The present disclosure may also have the following structure.
[1]
A first analysis unit that detects a specific part of the user captured in the input image and analyzes the operation of the specific part.
A second analysis unit that detects a specific object captured in the input image and analyzes the operation of the specific object.
A determination unit that determines whether or not any of the specific portion and the plurality of gestures related to the specific object has been executed based on the operation of the specific portion and the operation of the specific object.
When it is determined that any of the plurality of gestures has been executed, an execution unit that executes a function corresponding to the executed gesture, and an execution unit.
Information processing device equipped with.
[2]
The second analysis unit
Judgment is made as to whether or not the motion analysis of the specific object at the first time point is successful.
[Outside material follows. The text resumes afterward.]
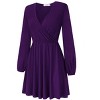 Clearlove Women's Deep V Neck Long Sleeve Dress Mini Dress High Waist Flowy Cocktail Wedding Guest Dress - 2 of 4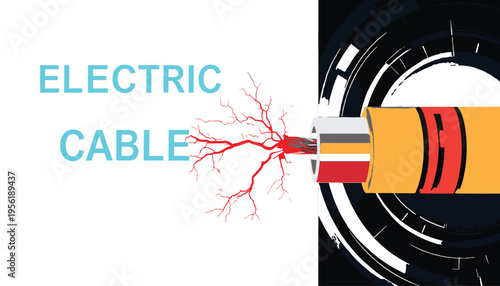 Electrified Cable: An illustrative depiction of an electric cable, showcasing its inner wiring and the dangerous energy it harnesses, rendered with dynamic visual elements.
The information processing apparatus according to the above [1], wherein when it is determined that the analysis of the motion of the specific object at the first time point has failed, the analysis result of the motion at the first time point is corrected.
[3]
The second analysis unit uses the analysis result of the operation at the first time point, the analysis result of the operation at the second time point before the first time point, and the operation at the third time point after the first time point. The information processing apparatus according to the above [2], wherein the analysis result of the operation at the first time point is modified based on at least one of the analysis results of the above.
[4]
The second analysis unit
Based on the analysis result of the operation at the time point before the first time point, the operation at the first time point is predicted.
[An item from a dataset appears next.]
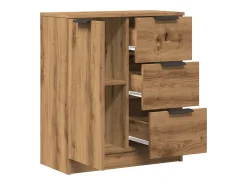 Aparador de roble artesanal 60x30x70 cm madera de ingeniería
The information processing apparatus according to the above [2], which determines the success or failure of the analysis of the operation at the first time point based on the prediction result of the operation at the first time point and the analysis result of the operation at the first time point.
[5]
When it is determined that the analysis of the motion of the specific object at the first time point has failed, the second analysis unit corrects the analysis result of the motion at the first time point based on the prediction result. 4] The information processing apparatus according to the above.
[6]
The information processing device according to any one of [1] to [5] above, wherein the execution unit outputs an image including an image object corresponding to the executed gesture together with the execution of the function.
[7]
The second analysis unit predicts the first region of the detected object at the first time point based on the transition of the position of the detected object.
The information processing device according to the above [6], wherein the execution unit displays an image object corresponding to the executed gesture in an area other than the first area at the first time point.
[8]
The second analysis unit predicts the second region of the detected specific part at the first time point based on the transition of the position of the detected specific part.
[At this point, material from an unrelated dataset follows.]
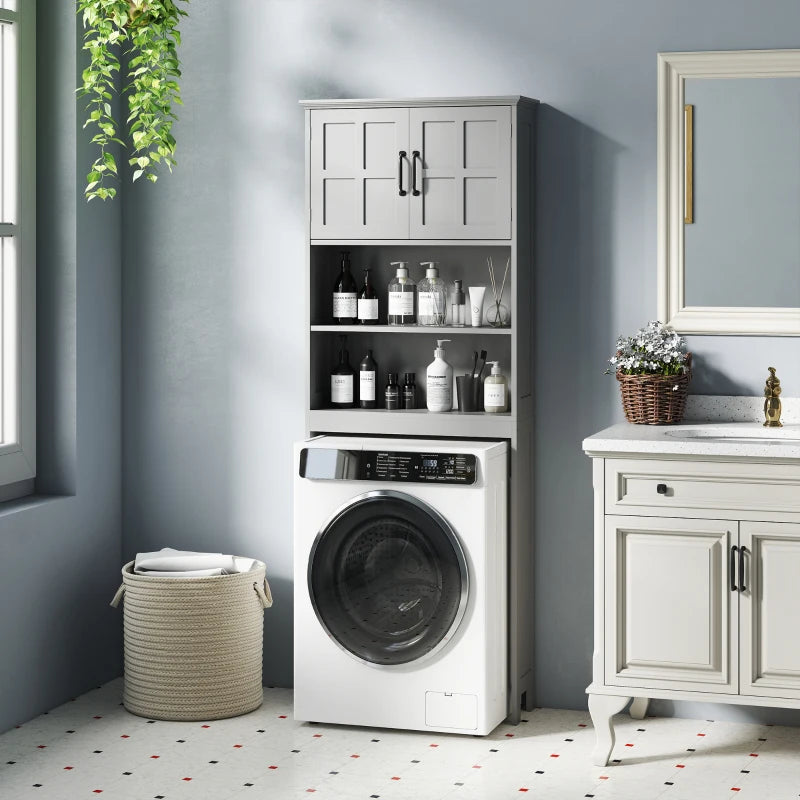 Modern Over The Toilet Storage, Bathroom Cabinets Over Toilet with Open Shelves and Double Door Cabinet, Grey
The information processing device according to the above [6], wherein the execution unit displays an image object corresponding to the executed gesture in an area other than the second area at the first time point.
[9]
The information processing device according to any one of [6] to [8] above, wherein the execution unit adjusts the display position of the image object corresponding to the executed gesture according to the movement of the user.
[10]
The first analysis unit estimates the position of the user at the first time point based on the transition of the position of the detected specific part.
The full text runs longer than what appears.